Java Simple Web Crawl

Source: Internet
Author: User

Background introduction

A brief introduction to TCP

1 TCP implements network midpoint-to-point transmission

2 transmissions are via ports and sockets

Ports provides different types of transports (for example, the port of HTTP is 80)

1) sockets can be tied to a specific port and provides transfer capability

2) A port can connect multiple sockets

Introduction to two URLs

A URL is a concise representation of where and how resources can be accessed from the Internet, and is the address of standard resources on the Internet.

Each file on the Internet has a unique URL that contains information that indicates the location of the file and how the browser should handle it.

In summary, we want to crawl the content of the Web page is essentially a URL to crawl the content of the page.

Java provides two methods:

One is to read the Web page directly from the URL

One is to read Web pages through URLConnection

The difference is that URLConnection is an HTTP-centric class that provides a lot of functions for connecting to HTTP

This article will give an example code based on URLConnection.

Let's take a look at the exception to the URL first. If you do not understand the Java exception mechanism, please see a blog post.

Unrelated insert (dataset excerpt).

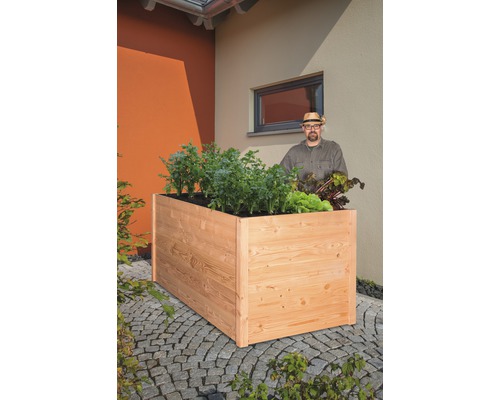 Klassieke verhoogde tuinbak Konsta XXL extra hoog 209x109x95 cm Douglasspar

construct exception malformedurlexception for URL: the string for the URL is empty or an unrecognized protocol

Build URLConnection Exception ioexception:openconnection failed, note OpenConnection code is not connected remotely, just prepare for connection remote

The final code

ImportJava.io.BufferedReader;Importjava.io.IOException;ImportJava.io.InputStreamReader;Importjava.net.HttpURLConnection;Importjava.net.MalformedURLException;ImportJava.net.URL;Importjava.net.URLConnection; Public classSimplenetspider { Public Static voidMain (string[] args) {Try{URL u=NewURL ("http://docs.oracle.com/javase/tutorial/networking/urls/"); URLConnection Connection=u.openconnection (); HttpURLConnection Htcon=(httpurlconnection) connection; intCode =Htcon.getresponsecode (); if(Code = =HTTPURLCONNECTION.HTTP_OK) {System.out.println ("Find the website"); BufferedReader in=NewBufferedReader (NewInputStreamReader (Htcon.getinputstream ()));                String Inputline;  while((Inputline = In.readline ())! =NULL) System.out.println (inputline);            In.close (); }            Else{System.out.println ("Can not access the website"); }        }        Catch(malformedurlexception e) {System.out.println ("Wrong URL"); }        Catch(IOException e) {System.out.println ("Can Not Connect"); }    }}

Reference documents:

Http://docs.oracle.com/javase/tutorial/networking/urls/index.html

Java Simple Web Crawl

Contact Us

The content source of this page is from Internet, which doesn't represent Alibaba Cloud's opinion; products and services mentioned on that page don't have any relationship with Alibaba Cloud. If the content of the page makes you feel confusing, please write us an email, we will handle the problem within 5 days after receiving your email.

If you find any instances of plagiarism from the community, please send an email to: info-contact@alibabacloud.com and provide relevant evidence. A staff member will contact you within 5 working days.

A Free Trial That Lets You Build Big!

Start building with 50+ products and up to 12 months usage for Elastic Compute Service

  • Sales Support

    1 on 1 presale consultation

  • After-Sales Support

    24/7 Technical Support 6 Free Tickets per Quarter Faster Response

  • Alibaba Cloud offers highly flexible support services tailored to meet your exact needs.